In this paper we present a scalable hardware architecture for large-scale multi-layered synthetic vision systems based on large parallel filter banks. This hardware can also be used to accelerate the execution (and partial learning) of recent vision algorithms like SIFT and HMAX [2] , [3] . This system is a data-flow vision engine that can perform real-time detection, recognition and localization in mega-pixel images processed as pipelined streams. The system was designed with the goal of providing categorization of an arbitrary number of objects, while consuming ten times less than a bench-top or laptop computer (target: < 10W ).
II. CONVOLUTIONAL NEURAL NETWORKS
Convolutional neural networks or ConvNets are a special kind of neural networks that take advantage of the locality of data in images to reduce the number of parameters needed to process large images. An example of a ConvNet is given in Figure 1 . In this figure we report a network used for generic object recognition of N classes. Such a network has been successfully used to classify different objects in numerous applications [5] .
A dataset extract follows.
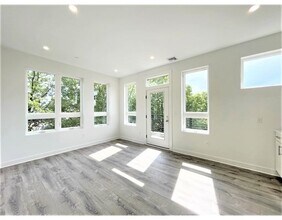 302 Broadway-Unit -13 in Everett, MA - Building Photo - Building Photo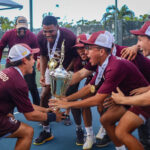 celebración por todo lo alto para el equipo de tenis de sagrado. (kendall torres)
ConvNets have several advantages as a front-end for synthetic vision systems that perform object categorization tasks. First, they operate with local receptive fields by performing convolutions: they share weights in the convolution matrices, so large images can be processed with a reduced set of weights. This is important as the number of weights in the network is thus not proportional to the input image (i.e. the final processing network size is fixed for a specific task.). Second, spatial subsampling/pooling is used to hierarchically reduce the input data size at each step of nonlinear computation. Replicating a small, local receptive field extracts elementary features from a large input, while sub-sampling the result reduces the effect of distortion and scale. Combining these features produces higher-order features that have very good shift, scale and distortion invariance, a typical feature of highlevel mammalian vision systems [3] An important aspect of ConvNets is that all of their parameters can be learned from the data to be modeled. In the network presented in Figure 1 for instance, all the weights from the filter banks, pooling functions, and also from the classifier are learned at the same time, by using stochastic gradient descent on labeled dataset. When compared to handtweaked feature extractors, ConvNets are more compact, and amenable to general purpose recognition tasks.
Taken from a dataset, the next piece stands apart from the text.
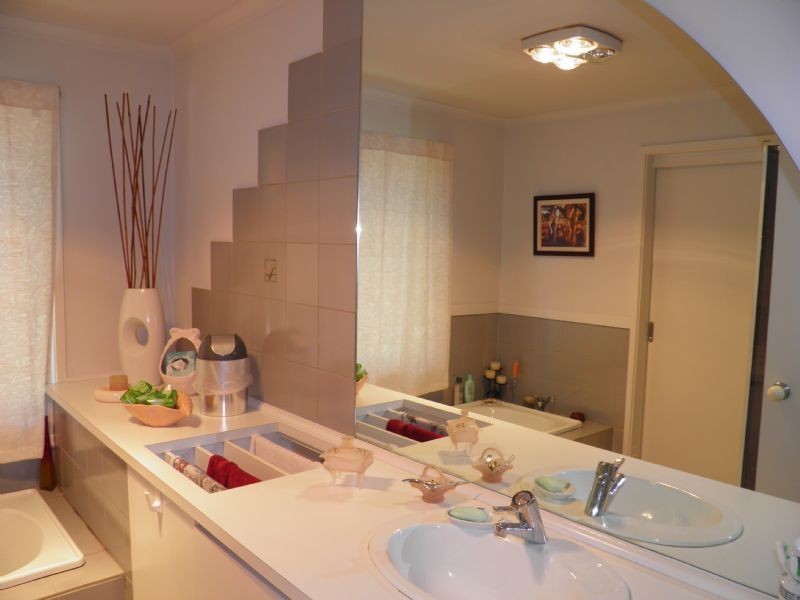 4 Chadwell Place, Kings Park VIC 3021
III. SYSTEM IMPLEMENTATION
A fully-digital coded hardware implementation of a scalable ConvNet [4] has been developed and implemented. Small analog versions of ConvNets have been implemented, but at the time were not able to scale [7] . We believe a fully-digital implementation with current FPGA and ASIC technologies is the easiest way to get a software-compatible object-recognition networks, that is easy to setup and operate, use reduced power consumption and provides high numeric precision. The entire system is coded in hardware description languages (HDL), and is targeted for ASIC synthesis or programmable hardware like FPGAs. The design is a custom single instruction multiple data (SIMD) processor based on a 32 bit CPU with hardwareaccelerated instructions tailored to ConvNet operations. These operations are highly optimized and make use of the parallelism available in hardware. Architecture of a typical convolutional network for object recognition. This implements a convolutional feature extractor and a linear classifier for generic N-class object recognition. All filter kernels sizes are mentioned above the networks, and are all learned from labeled data. The bottom numbers report the size of image maps at each layer of the network. The network can be computed on arbitrary large input images, producing a classification for each 40x40 sub-window (size of the training data).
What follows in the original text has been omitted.